The Friar Goes Dancing

by Friar Thomas Bacon (David Moreno)

It was overcast as I finished my midday meal and began my long journey to the distant Barony of Scattered Crystal. The impulse behind this journey was the desire to attend the fabled Crystal Ball, a day long extravagance dedicated to the art of dance. Though I had long wished to make this pilgrimage, it was only now that the grace of God has allowed me.

The long trip passed uneventfully till I reached the environs of the Barony of Three Rivers when my steed threw a shoe. Hastily fitting a temporary shoe, gratefully that the rain showers that had been threatening the entire time held off till after dealing with this inconvenience, and noting the need to find a farrier the following morning, I continued to my destination. Finding that farrier proved more daunting then expected, and who proved sufficiently busy, that arrangement had to be made to leave my steed there for the day. Overall, the incident was but a minor annoyance.

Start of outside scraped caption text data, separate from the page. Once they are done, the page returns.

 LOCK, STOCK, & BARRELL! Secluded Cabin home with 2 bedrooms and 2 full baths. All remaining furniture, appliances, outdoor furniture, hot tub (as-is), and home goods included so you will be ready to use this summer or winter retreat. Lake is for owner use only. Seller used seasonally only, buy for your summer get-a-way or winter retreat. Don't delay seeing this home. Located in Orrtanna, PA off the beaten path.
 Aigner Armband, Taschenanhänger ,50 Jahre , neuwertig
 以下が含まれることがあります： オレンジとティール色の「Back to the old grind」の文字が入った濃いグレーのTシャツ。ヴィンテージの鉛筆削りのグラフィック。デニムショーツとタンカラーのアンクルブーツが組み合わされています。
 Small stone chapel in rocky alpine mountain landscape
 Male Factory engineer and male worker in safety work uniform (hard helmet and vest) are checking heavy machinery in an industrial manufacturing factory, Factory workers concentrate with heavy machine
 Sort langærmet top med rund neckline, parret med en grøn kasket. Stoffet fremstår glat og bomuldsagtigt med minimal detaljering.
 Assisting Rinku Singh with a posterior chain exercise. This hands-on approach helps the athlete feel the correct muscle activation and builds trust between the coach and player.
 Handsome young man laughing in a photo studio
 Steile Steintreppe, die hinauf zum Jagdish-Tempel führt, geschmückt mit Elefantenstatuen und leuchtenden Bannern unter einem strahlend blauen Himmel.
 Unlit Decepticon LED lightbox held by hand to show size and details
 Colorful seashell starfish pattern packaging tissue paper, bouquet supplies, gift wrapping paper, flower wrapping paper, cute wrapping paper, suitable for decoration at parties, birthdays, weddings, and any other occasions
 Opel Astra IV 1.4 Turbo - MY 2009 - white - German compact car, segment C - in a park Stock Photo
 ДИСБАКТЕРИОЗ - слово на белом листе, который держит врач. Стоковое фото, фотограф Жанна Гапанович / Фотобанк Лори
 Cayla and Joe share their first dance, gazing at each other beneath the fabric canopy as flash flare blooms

The site was a large school complex, and a little exploring found the troll at the entrance of the gymnasium in the back. Actually the site consisted of three gymnasiums, several multipurpose rooms, and the usual assortment of classrooms. As I entered the main gym, to one side a dozen or so people were learning various dances, while to the other those of the fencing persuasion were practicing. Those in the middle gym occupied themselves in standard sword fights while others were making their sleeping arrangements. And in the far gym, the merchants were setting up their wares.

I joined those testing out their skills at dancing. I was pleasantly surprised to meet several folks I knew from Ansteorra. Having enjoying a number of dances, fatigue from the long journey asserted itself, and I found a quiet corner to sleep.

Midmorning saw the beginning of the planned teaching. For most of the classes I attended, I largely knew the dances, but every region has its quirks that can catch the unwary on the dance floor, and there were several that seemed strange to my eye. The classes ranged from the simplest English County to the athletic Russian, from early Bassa to the Renaissance, with etiquette and reconstruction classes tossed in. There was no lack of things to learn.

As the classes ended and some prepared for the formal feast, I with Lord Donald and his lady Zoe with others searched out an establishment where the Mongols cooked rather then pillaged. While simple in preparation, there was plenty and as spicy as one dared. It was very popular.

Just prior to the start of the ball there was a short court. This mostly consisted of a reenactment of the investiture of the local baronage. This included a telling of the history of the barony, notable in that it was one of the side effects of Calontirís independence. There was also a reading of the list of previous barons, which include one who would have been Warlord of Calontir had not Calontir become a principality when it did.

As the accouterments of court were being carried away, the musicians took the stage for the start of the ball. The ball was structured into six sets, each a mixture simple and challenging dances. Such were the numbers dancing that the circle bransles need three concentric rings of dancers to accommodate them all. On the Korabushka, the stomping had the floor vibrating. After the second set a break was called so that all may partake of the large dessert buffet. To entertain those waiting in line, a group of singers performed a song detailing the ball based on a tune from the musical play "Grease." While the musicians retired after the third set, the bards in a box continued to belt out tunes so that the dancing may continue. During the course of the fifth set, long after the office of matins (3 AM) I began to fatigue. Facing the start of a long journey on the morrow I decided it was best to retire, even though there were still many active on the dance floor.

The morning came all too soon. But as the innkeeper insisted that all leave by midmorning, I made my preparations for the journey home. The skies were still overcast as I left, but as I left the shire of Standing Stones behind, they began to clear. I arrived at home without incident, weary but satisfied with the experience.